On average, the government pays about 14 percent more for a private insurance Medicare Advantage plan than regular Medicare. President Obama hopes to wring billions in savings by reducing that premium. He'll then reinvest the savings - an estimated $177 billion over ten years -- in his push for universal healthcare.
. . . [Peter ] Orszag, who's leading Obama's healthcare reform effort, [states] "Evidence suggests that each dollar provided under Medicare Advantage costs the government a dollar thirty in costs," he said. "I believe in competition. I don't believe in paying a dollar thirty to get a dollar."The administration is not calling for an end to the plans, but rather that they be required to bid for the premium instead of simply being handed it. Reducing the premium could also reduce the fraud. Take the example of Curtis Smith: an elderly patient on a fixed income getting cancer treatments isn't any insurers idea of an ideal customer. But agents who sign patients up are generally paid a commission up front, so there's little incentive for them to do a longterm cost-benefit analysis. Once companies start doing that calculation under the new, reduced premium, tricking sick, old people into signing away their Medicare plan will be less profitable.
An example from Huffington Post
Curtis Smith is retired, 72, and not in the best of health. He lives with his wife in Washington DC. He rises early each day, and has difficulty finding safe things to do, as he does not live in the safest of neighborhoods. His story is an example of why health care reform, including limiting Medicare Advantage, is so necessary.
The tedium was broken one morning [last] summer when a young woman knocked on his door. His wife told him not to answer. Nothing good could come from it."Most time she's right, I have to give her credit," he says. "If I'd have listened to what she said, I wouldn't be in the predicament I'm in now."

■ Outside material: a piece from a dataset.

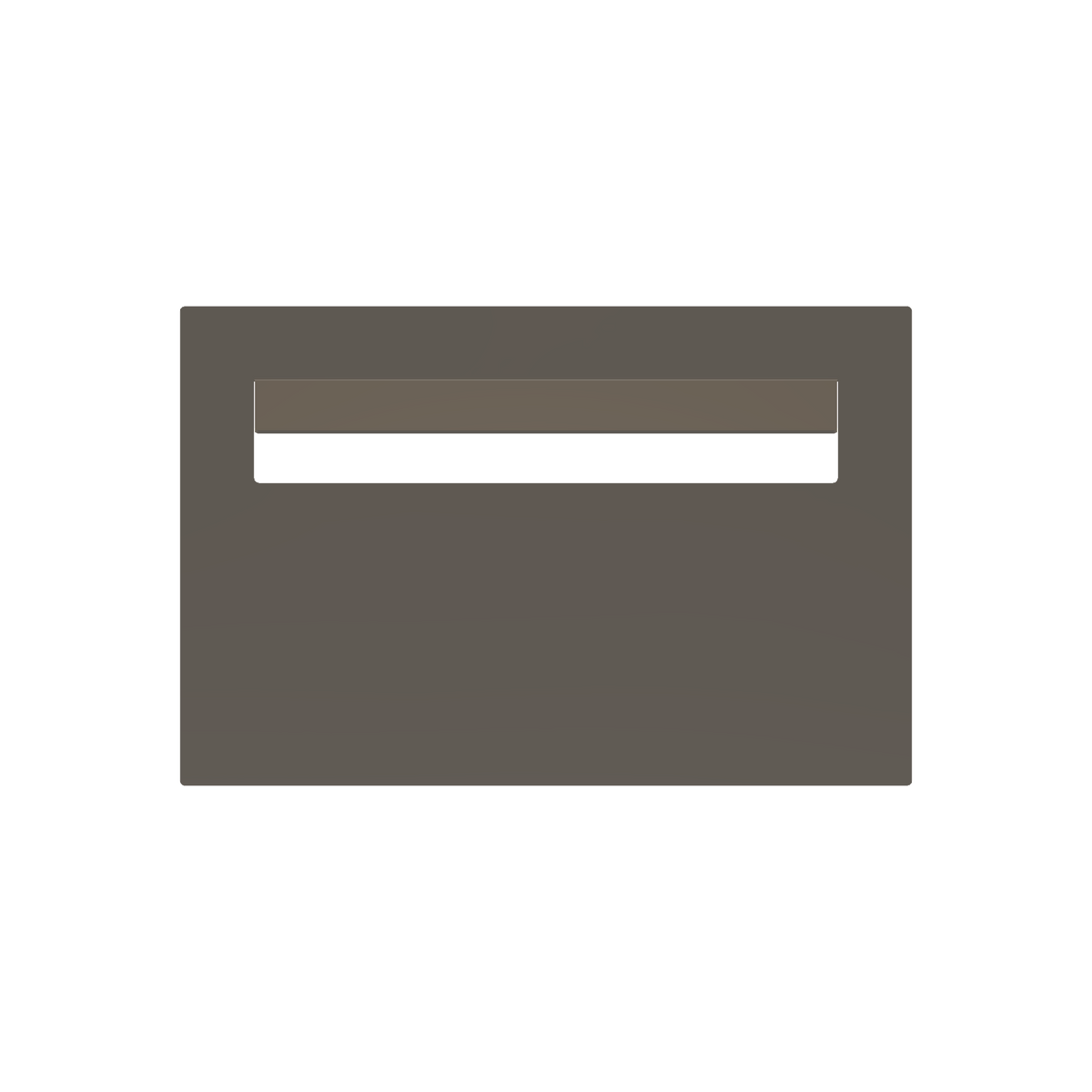 Letterbox Faceplate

The next time Smith went to his pharmacy, he was told he was no longer covered. When he went to Howard University Hospital for a colon cancer procedure, he was told the same thing. His wife sent him to the local Legal Aid Society of the District of Columbia.
The woman who'd knocked was a sales rep from EverCare ( "We care about healthcare" ), a company that sells Medicare Advantage plans, which are privately run and can be more expansive - with vision and dental coverage - but have a smaller network of providers that participate. In practice, the extra vision and dental coverage is often of negligible benefit and doesn't outweigh what's lost by leaving traditional Medicare - but it looks good at first.
The sales rep told him her plan would be cheaper and would provide vision coverage, something Smith, whose eyes are deteriorating, had wanted. "She told me to sign it. It was a piece of paper just like one of these right here," says Smith, who can't read well. "A big piece of paper. And she had read me something about the benefits being better and cheaper and I signed it." (An EverCare spokesman said he couldn't comment on any specific case.) . . .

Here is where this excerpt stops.